Finally, Brenda Laurel is talking about animism at the closing keynote of Ubicomp 2006 next week, bookending Bruce Sterling's opening. I'm glad that animism is finally making it to mainstream thought about people's attitudes toward user experience design for ubicomp. I feel vindicated enough to include a gratuitous reference to the piece I wrote about it three years ago. ;-) AND I'm pretty excited to see what Brenda has to say.

I went to Burning Man again this year, for the 11th time in a row. My overall feeling is that the art this time around wasn't overall as good as last year, though last year was hard to top since it was head and shoulders better than many of the years leading up to it, and this year's work is, too.

If I list more pieces this year than I have in years past, it's only because this is the first year I took notes.

The Waffle

This piece, by a group of Belgian artists, had a different name--Uchronia--but everyone on the playa knew it as The Waffle (much to the lead artist's frustration, as I understand it, but it's a better and less pretentious name, so he should just learn to deal with it). An amazing and conflicting piece: a classic potlatch of waste (hundreds of thousands of dollars worth of brand new wood for dancing in, and then burning to the ground in a matter of minutes), but a stunning installation. This is the kind of pure expression that architects aspire to and rarely get to do (and when they do, and it's for a utilitarian building, they often sacrifice utility for vision; the Waffle had no sacrifices to make, so it was free to be simply amazing). When it burned, it had the look of the Hindenburg disaster or a crashed space ship, and was possibly, as Liz (who watched the World Trade Center crash) said, the largest thing I ever want to see burning.


Serpent Mother

It's great to see artists develop their expression, and impressive when a group of people learn to create consistently compelling visions. The Flaming Lotus Girls have developed over the last 5 years into a great team that produces remarkable, monumental fire art. Their piece this year, the Serpent Mother was great. Huge, fun and excellently executed from a technical standpoint, the piece was a crowd hit. The key to it, I believe, is their movement from working purely with propane and electricity to computer control. Richard Mortimer Humphrey--who I worked with on the Stock Puppets--built MIDI-addressable propane valve controllers for them which allow them to precisely control the piece, ratcheting up the slickness and effectiveness by a big notch.

(image by antagonist, found on Flickr)

Starry Bamboo Mandala

It was hard to beat this piece for pure visual elegance. Beautifully made and looking like an immense 3D arabesque on legs, the mandala was a pleasure to look at, lean on and touch. We visited it in the dark, when it looked like a silent sea urchin-themed sentinel, still guarding the now-dry lake. Great stuff.

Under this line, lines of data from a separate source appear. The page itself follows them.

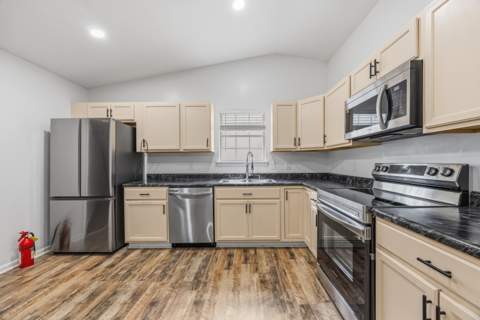 3158 Huttersfield Circle, Tallahassee FL - photo 13 of 36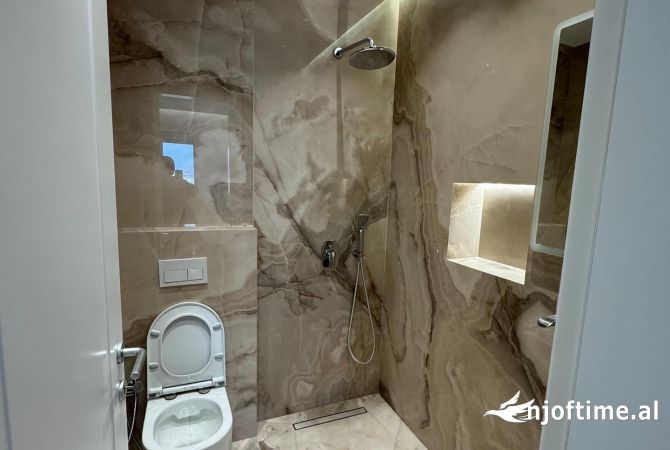 Shtepi me qera Apartament ne Tirane, 2+1, Mobilimi E mobiluar, Pagesa 1,700  Euro.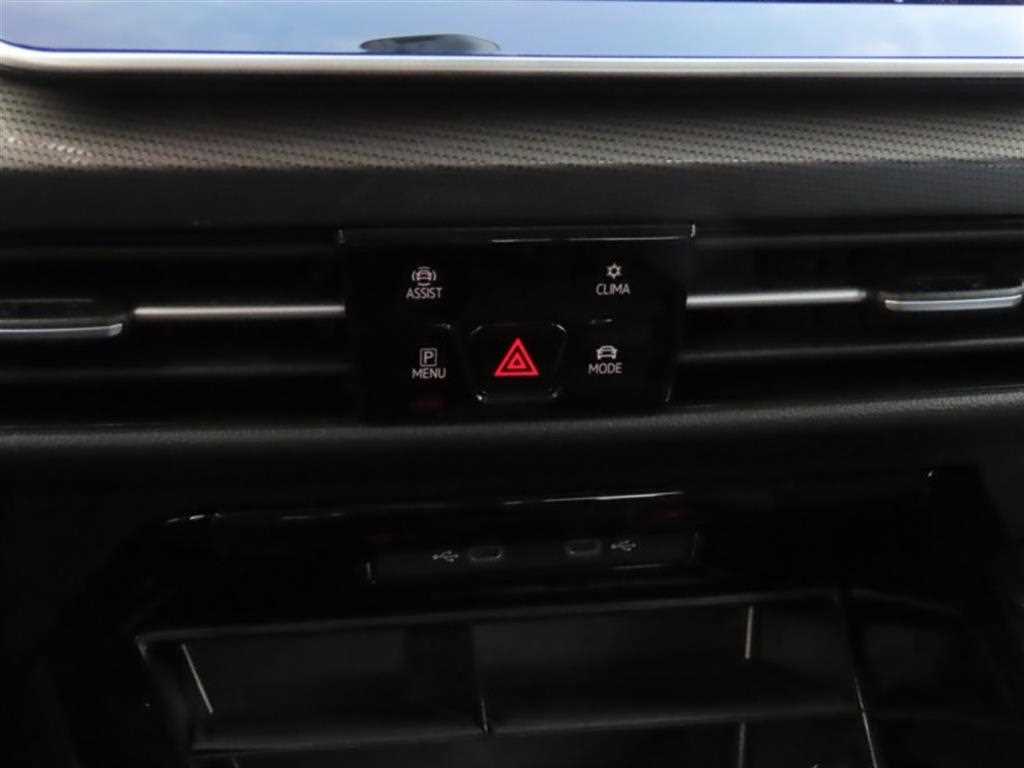 Volkswagen Golf - Vista 7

This years' entry in the "most likely to maim a hippie" interactive sculpture contest (won last year by Zach Coffin's Colossus). Michael Christian still rules the biomorphic monumental sculpture world, whimsically creating ever-greater pieces out of bent pipe. The BM theme this year was "Hope and Fear, the Future", so this piece is Michael's vision of the monsters from War of the Worlds, but with festival participants taking the role of the alien. An homage to Louise Bourgeois by way of 1890s science fiction.


Hope Flower and Fear Trap

It's kind of amazing how a giant flower made of lace wrapped around a snorkel lift can express pathos, curiosity and profound alienness at the same time, but these did. Liz and I spent a long time pulling and prodding the things and marveling at the great cleverness of the design, but the real magic came from the way that they were operated, like 100-foot-high puppets. These were everything that an art car should be (i.e. not a car).

(image by giantmonster, found on Flickr)

Big Round Cubatron

One of the best LED pieces I've ever seen. Using a modified commercial product and a sequel to one of my favorite pieces of several years ago (the Cubatron), it created a pure visual experience that was one of the most intense things I've seen. The artists also provide an excellent description/log of the technical details.


Burninator II

Another computer-controlled propane piece, but with a much different focus than the Serpent Mother. While the Serpent Mother created a character, the Burninator II was pure technology, and kind of scary technology at that. Propane poofer fires are an old Burning Man technology: a liquid propane tank with a regulator fills an expansion vessel with a valve and a pilot light; when the valve is opened the propane rushes out of the expansion vessel and makes a big whoomp sound and fireball. By themselves, they no longer surprise (though they're still fun to operate). What makes Burninator interesting is the magnitude and the effect created by the computer control. The sequenced fire, which created a whomp-whomp-whomp sound as the poofers were triggered looked like it coming right for you, even though it was shooting straight in the air. The combination of sound with the impression of impossibly fast speed made it much more impressive than just a bunch of propane fire cannons.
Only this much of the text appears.